Posted by digitalhome on May 27, 2010 · 
Bell has announced it will offer data plans for the 3G enabled iPad which goes on sale tomorrow in Canada.
The company says it will offer two thirty day plans to iPad owners with a Bell Micro Sim card: a 250MB and 5GB plan for $15 and $35 respectively.
The prices are identical to those announced by Rogers Wireless earlier this month. Both companies also offer free WiFi access to purchasers at hotspot locations across the country. The only significant difference between the Bell and Rogers offering is that Bell offers 824 hotspots across Canada versus 373 public hotspots for Rogers Wireless. Data usage over WiFi at Bell Hotspots does not count towards your 30 day data usage plan.
Micro Sim cards for Rogers and Bell are an additional $10 each.
The Canadian rate plans are close to those in the U.S. where Apple charges $15 U.S. for a 250 MB plan and $30 for unlimited data usage every 30 days.
The plans will expire at the end of thirty days or up when the data limit has been reached. Users will receive onscreen messages when they get close to their limit so they won’t inadvertently exceed their limit. Once informed users can choose to turn off 3G access.
.


----------



## LionTamer (Jun 23, 2006)

At the Apple Store, they offered the choice of Rogers or Bell sim card. I selected Bell, and it rang up with a price of $0.


----------



## thadley (Jul 8, 2008)

LionTamer, do you know if Bell is offering on-device activation? Heard a rumour only Rogers was.


----------



## Macified (Sep 18, 2003)

BestBuy was including a free sim from Rogers, Bell or Telus this morning. Don't know if they'll just give you one if you aren't buying a unit from them. They might. They had lots as they are the new combo SIM/Micro SIM card.


----------



## LionTamer (Jun 23, 2006)

thadley said:


> LionTamer, do you know if Bell is offering on-device activation? Heard a rumour only Rogers was.

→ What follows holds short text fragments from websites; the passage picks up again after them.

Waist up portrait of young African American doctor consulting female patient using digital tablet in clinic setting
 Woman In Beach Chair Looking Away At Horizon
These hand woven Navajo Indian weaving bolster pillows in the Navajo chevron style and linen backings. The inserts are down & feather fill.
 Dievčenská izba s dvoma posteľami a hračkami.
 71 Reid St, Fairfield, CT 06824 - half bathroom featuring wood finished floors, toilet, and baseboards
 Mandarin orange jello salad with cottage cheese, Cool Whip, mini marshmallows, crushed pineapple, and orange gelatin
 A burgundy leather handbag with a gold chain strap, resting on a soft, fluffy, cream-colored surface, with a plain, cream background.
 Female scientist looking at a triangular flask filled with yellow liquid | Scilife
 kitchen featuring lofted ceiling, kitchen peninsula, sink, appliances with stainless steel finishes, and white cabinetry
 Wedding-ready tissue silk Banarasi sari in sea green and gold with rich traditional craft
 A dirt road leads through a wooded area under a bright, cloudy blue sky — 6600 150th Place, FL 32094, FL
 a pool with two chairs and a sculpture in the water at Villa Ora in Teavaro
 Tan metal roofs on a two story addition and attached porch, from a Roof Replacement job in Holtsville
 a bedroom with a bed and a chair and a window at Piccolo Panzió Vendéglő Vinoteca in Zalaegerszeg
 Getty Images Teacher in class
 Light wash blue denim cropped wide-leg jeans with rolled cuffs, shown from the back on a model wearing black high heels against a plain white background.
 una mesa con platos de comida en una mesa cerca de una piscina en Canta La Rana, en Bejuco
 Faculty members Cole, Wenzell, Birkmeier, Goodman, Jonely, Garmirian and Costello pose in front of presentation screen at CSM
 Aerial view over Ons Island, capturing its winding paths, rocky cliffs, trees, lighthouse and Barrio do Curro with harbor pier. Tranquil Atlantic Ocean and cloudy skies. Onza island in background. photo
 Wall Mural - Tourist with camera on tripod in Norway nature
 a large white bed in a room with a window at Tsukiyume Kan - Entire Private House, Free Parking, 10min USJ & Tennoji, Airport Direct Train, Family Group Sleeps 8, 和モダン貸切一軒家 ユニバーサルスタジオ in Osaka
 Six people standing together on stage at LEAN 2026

Just messing around in settings, there doesn't appear to be an on-device activation...so actually I don't know what to do to activate. Do I have to call Bell every time I want to activate or deactivate service?


----------



## brett (May 27, 2007)

When I turn off wifi and connect to 3G, I get a message in safari to call bell in order to activate. That's really inconvenient, I hope they change this soon and allow on-device activations.


----------



## brucebeh (Sep 22, 2007)

When I called into activate it, she told me before the 30 days is up, they should have a system setup for automatic renewal and presumably on-device activation... I saw a news article saying the carriers need to install some back end software for it [on-device activation] to work properly.


----------



## thadley (Jul 8, 2008)

Apple gave me one for free, didn't buy an iPad from them directly. Aaaaaand I promptly lost it and have to go back out and get a new one! Gah!


----------



## dhc (May 29, 2010)

*IPAD Bell Issue*

Please help. I have a US purchased iPad 3G which I activated today with bell service micro sim. I had to call Bell to activate, but I initially had problem. I had to then manually enter the APN number which is pda2.bell.ca under the cellular data section. This solved the problem, but I cannot see "view my account" at all. So I cannot check the balance etc. Is this a problem with bell or is it because I am using a US iPad linked to US iTunes with my Canadian bell service?


----------



## iphoneottawa (Apr 21, 2010)

Did you try to sync and update your carrier software?


----------



## stingko (Apr 14, 2008)

dhc said:


> Please help. I have a US purchased iPad 3G which I activated today with bell service micro sim. I had to call Bell to activate, but I initially had problem. I had to then manually enter the APN number which is pda2.bell.ca under the cellular data section. This solved the problem, but I cannot see "view my account" at all. So I cannot check the balance etc. Is this a problem with bell or is it because I am using a US iPad linked to US iTunes with my Canadian bell service?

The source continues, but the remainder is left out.